• _MATERIAL PROVIDED_
════════════════

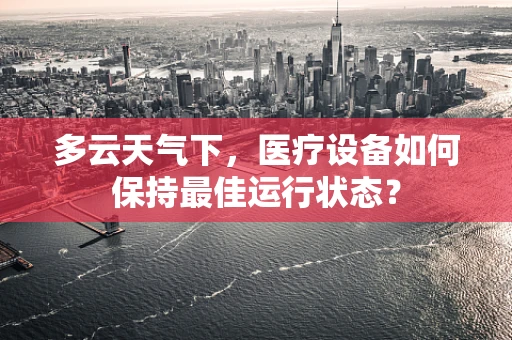 多云天气下，医疗设备如何保持最佳运行状态？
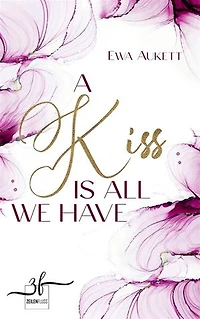 A Kiss Is All We Have: Liebesroman
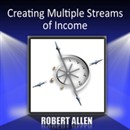 Creating Multiple Streams of Income by Robert G. Allen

════════════════

• _WORK REQUIRED_
Every line above needs to be written out again as it stands. Pictures do not belong in the copy.

• _ANSWER BOX_
 多云天气下，医疗设备如何保持最佳运行状态？
 A Kiss Is All We Have: Liebesroman
 Creating Multiple Streams of Income by Robert G. Allen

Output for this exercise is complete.